Uit hetgeen in 4.45 tot en met 4.53 is overwogen volgt dat niet is gebleken dat Lagaay op grond van de Tweede Koopovereenkomst andere maskers of maskers van een andere soort heeft geleverd dan is overeengekomen of maskers heeft geleverd die niet de eigenschappen bezitten die AtMall mocht verwachten. Dit betekent dat niet is gebleken dat de door Lagaay op grond van de Tweede Koopovereenkomst geleverde maskers niet aan die koopovereenkomst beantwoorden (als bedoeld in artikel 7:17 lid 1 BW).
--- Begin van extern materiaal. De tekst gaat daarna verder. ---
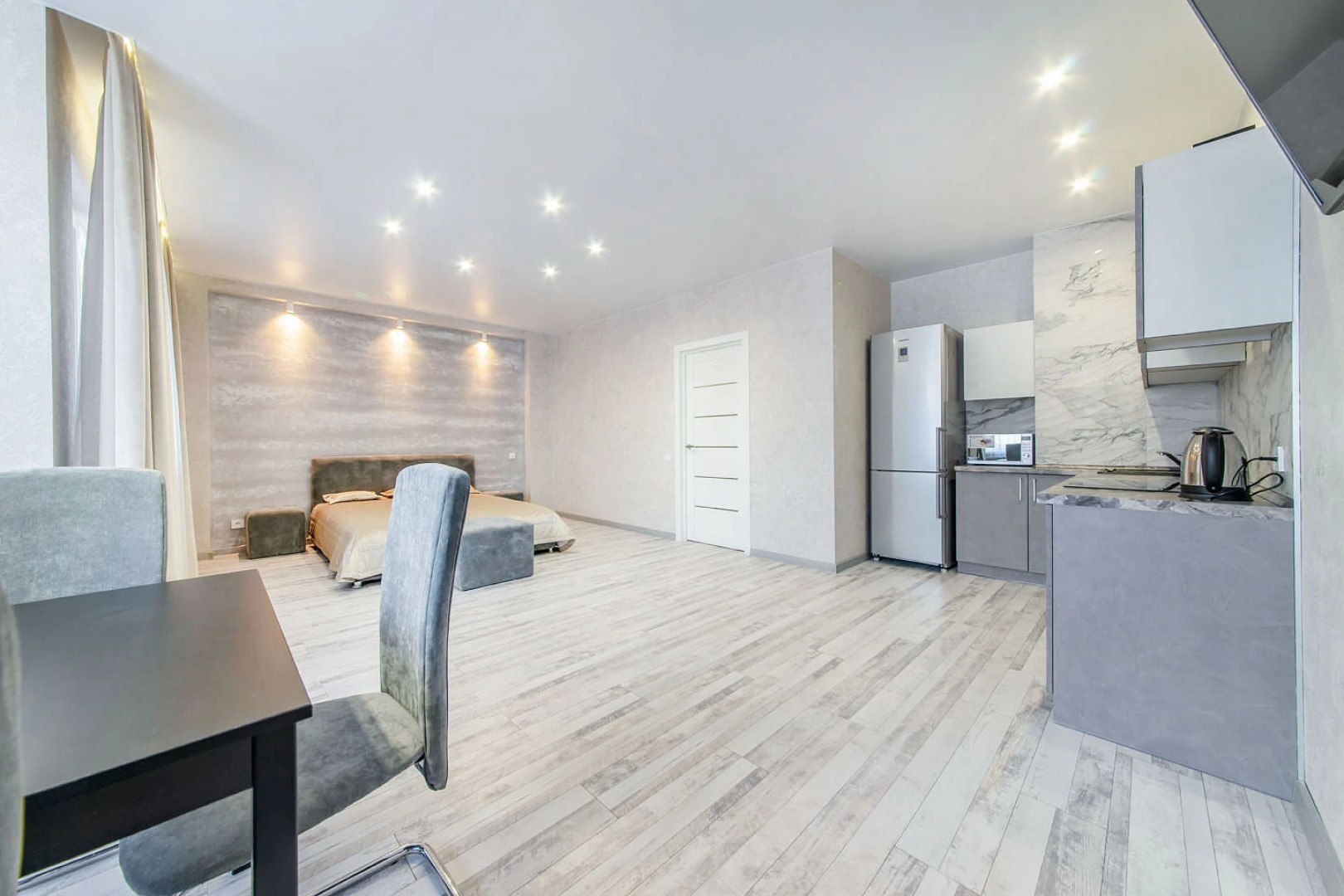 Квартира студия на сутки Минск Маяк Студия в новостройке Быстрое заселение Современная техника Балкон Wi-Fi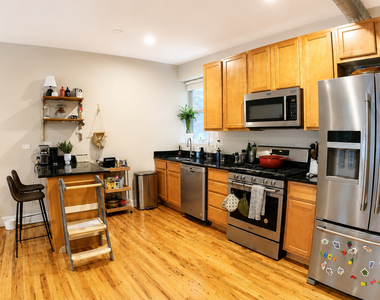 4823 N Sawyer Avenue - Photo Thumbnail 6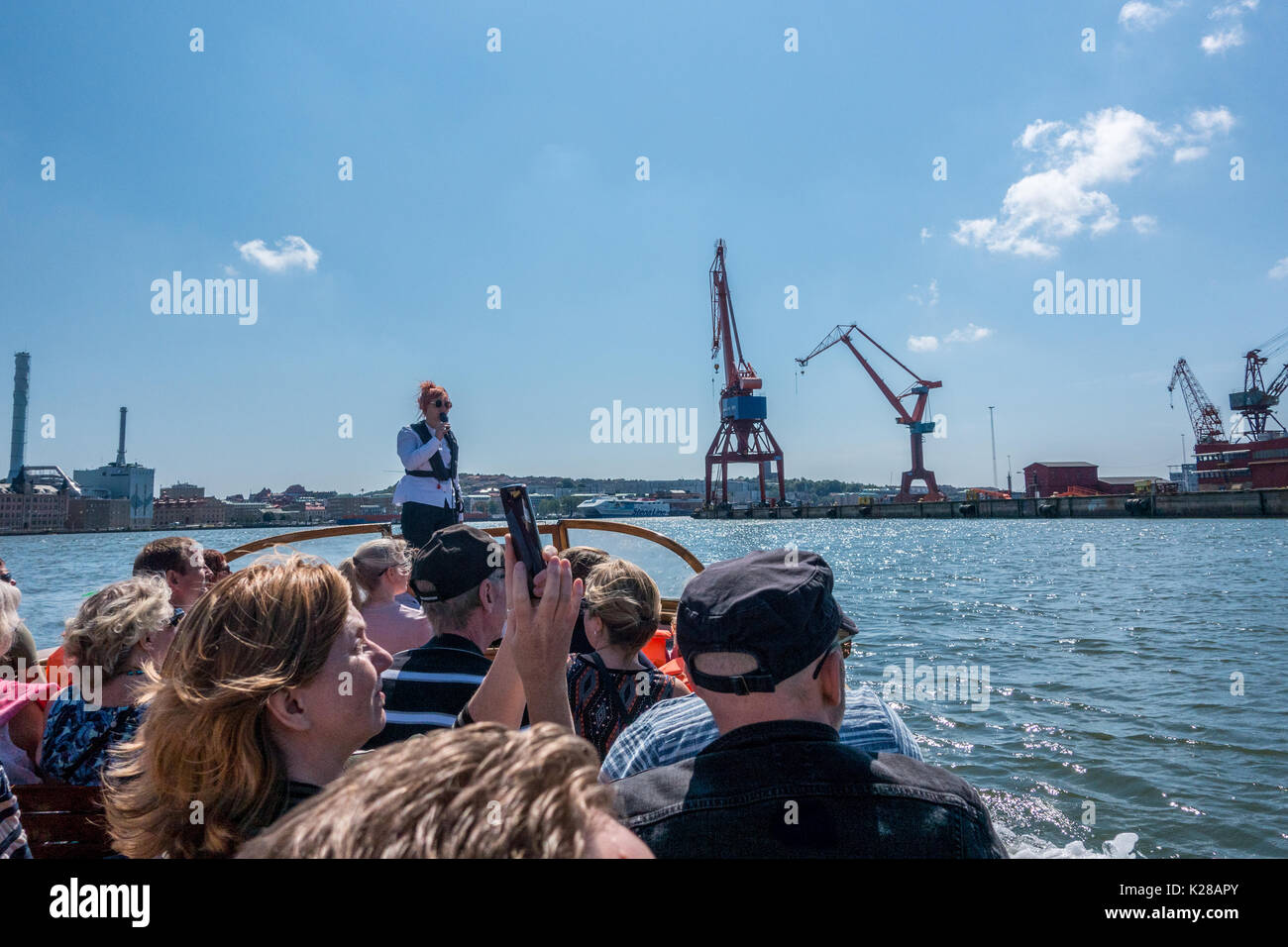 Göteborg, Svezia - 24 luglio 2017: Gru nel porto di Göteborg Foto Stock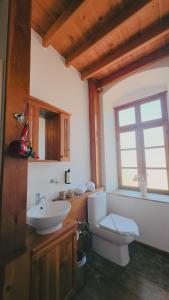 Koupelna v ubytování Alamango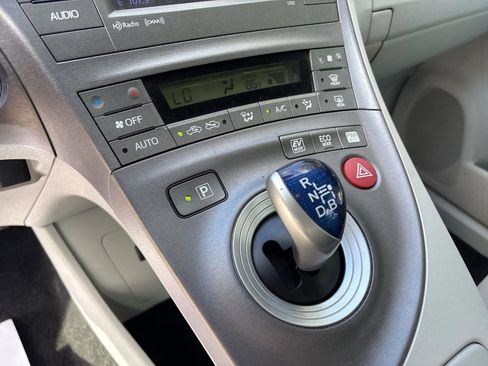 Used 2015 Toyota Prius Three FWD image 16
Daarmee is evenmin gebleken dat Lagaay is tekortgeschoten in de nakoming van de Tweede Koopovereenkomst.
Slotsom
4.55.
Uit het voorgaande volgt dat niet is gebleken dat Lagaay is tekortgeschoten in de nakoming van de Koopovereenkomsten. De vorderingen van AtMall moeten derhalve worden afgewezen.
4.56.
Nu de vorderingen niet slagen, hoeft de rechtbank niet te onderzoeken of AtMall als koper onder de Tweede Koopovereenkomst heeft te gelden.
4.57.
AtMall zal als de in het ongelijk gestelde partij in de proceskosten worden veroordeeld. De kosten aan de zijde van Lagaay worden begroot op:
- griffierecht € 4.131,00
- salaris advocaat €
8.035,00(2,5 punten × tarief € 3.214,00)
Totaal € 12.166,00.

5..De beslissing

De rechtbank
5.1.
wijst de vorderingen af,
5.2.
veroordeelt AtMall in de proceskosten, aan de zijde van Lagaay tot op heden begroot op € 12.166,00,
5.3.
verklaart dit vonnis wat betreft de kostenveroordeling uitvoerbaar bij voorraad.
Dit vonnis is gewezen door mr. P.A.M. van Schouwenburg-Laan, mr. W.A.M. Schellekens en mr. E.C. Harting. Het is ondertekend door de rolrechter en op 12 mei 2021 uitgesproken in het openbaar.